Een vrouw die bij de afdeling personeelszaken van Tata Steel werkt, vertelt dat ze de hoogovens altijd fantastisch heeft gevonden, maar er wel anders naar is gaan kijken toen een collega van haar overleed aan kanker, en dat in verband bracht met de uitstoot van de fabriek. ‘Hoe is dat, om dat te weten,’ vraagt een zelfbenoemd klimaatactivist aan de zaal, ‘dat je misschien eerder doodgaat als je zo lang bij de hoogovens gewerkt hebt? Dat hoort er toch niet zomaar bij?’ De vrouw reageert dat er meer kanker voorkomt in Amsterdam-Noord dan in de IJmond. Zelf spreek ik een zestiger die als jongeman in de hoogovens werkte. ‘De geschiedenis van Tata is er een van tragisch mismanagement. Die omslag had twintig jaar geleden moeten komen, toen had Kooks 2 al dicht gemoeten.’

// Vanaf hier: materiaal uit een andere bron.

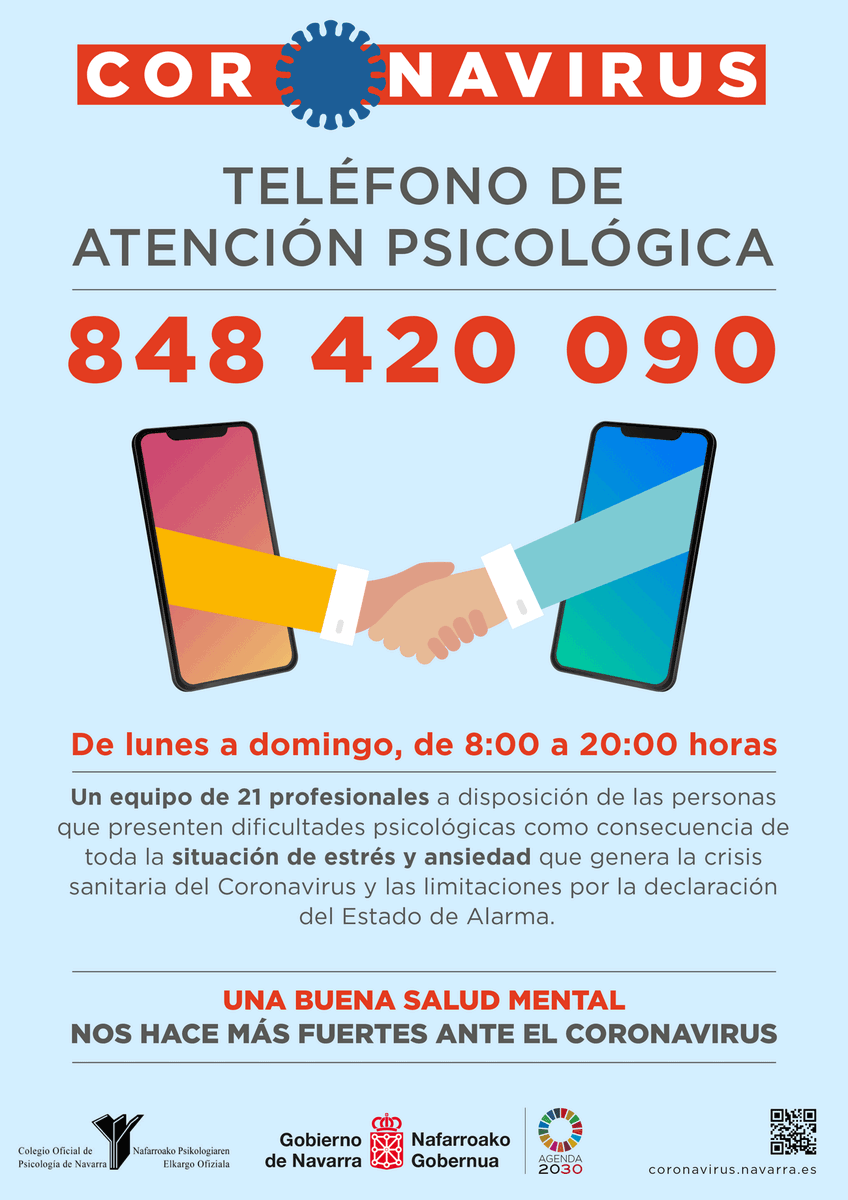 gob_na's tweet photo. #CoronavirusNavarra #Covid19 #KoronabirusaNafarroa
🧠 Una buena salud mental es imprescindible. Ponemos a tu disposición el teléfono de atención psicológica /Buruko osasun ona izatea ezinbestekoa da. Zure eskura jarri  dugu arreta psikologikorako telefonoa 📞848420090
@salud_na https://t.co/jL6ng4sdl2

‘Wij zijn ook voor de klimaatbeweging, maar mensen hebben hier jarenlang in een soort inferno gewerkt en hebben wel de basis gelegd voor onze welvaart en arbeidsrechten. Daar kun je niet zomaar overheen walsen met “de fabriek moet dicht.”’
Aan het einde van het nagesprek vertelt Christine Otten dat ze gisteren gebeld werd door vakbondsmensen, of ze geen speciale voorstelling wilden geven voor de FNV en Greenpeace. ‘Dit is precies wat wij wilden. Bij veel klimaatactivisten hoor je toch een badinerende toon, “dan zoeken we ander werk voor die mensen.” Wij zijn ook voor de klimaatbeweging, maar mensen hebben hier jarenlang in een soort inferno gewerkt en hebben wel de basis gelegd voor onze welvaart en arbeidsrechten. Dat moet je wel even beseffen, daar kun je niet zomaar overheen walsen met “de fabriek moet dicht.”’
Kutluer: ‘Het lijkt soms alsof het klimaat een soort klassending begint te worden. We willen allemaal een duurzame toekomst voor onze kinderen en kleinkinderen, een toekomst überhaupt. Maar wat gebeurt er: doordat bepaalde mensen zich niet gehoord voelen, gaan ze niet mee in die verandering. We moeten elkaar zien en elkaar erkennen voordat we met z’n allen verder kunnen. Als dat niet gebeurt, lijkt er een soort klassenscheiding te ontstaan, waarin het een luxe lijkt om het over milieu te hebben en je daar zorgen over te maken.’
‘Weet je wat ik nou niet begrijp van jouw generatie?’ zegt vader Can tegen zijn zoon terwijl ze van het toneel aflopen. ‘Jullie denken dat jullie geen vakbond meer nodig hebben!’ Niets van waar, vindt Ilias. ‘De vakbond zou alleen wat strijdbaarder moeten zijn, niet zo op schoot zitten bij de directie.’
Je kunt je afvragen hoe duurzaam het wederzijdse begrip is dat tijdens deze avonden ontstaat, en of dat van invloed is op een alliantie tussen de vakbond en klimaatbeweging. Wat wel duidelijk is: als de klimaatbeweging de (ex-)medewerkers van Tata Steel mee wil krijgen, zal ze hen meer moeten bieden dan verwijten.
Onder de rook van de hoogovens is tot 27 mei te zien in het Hoogovensmuseum.
Hannah van Binsbergen is hoofdredacteur van Jacobin Nederland.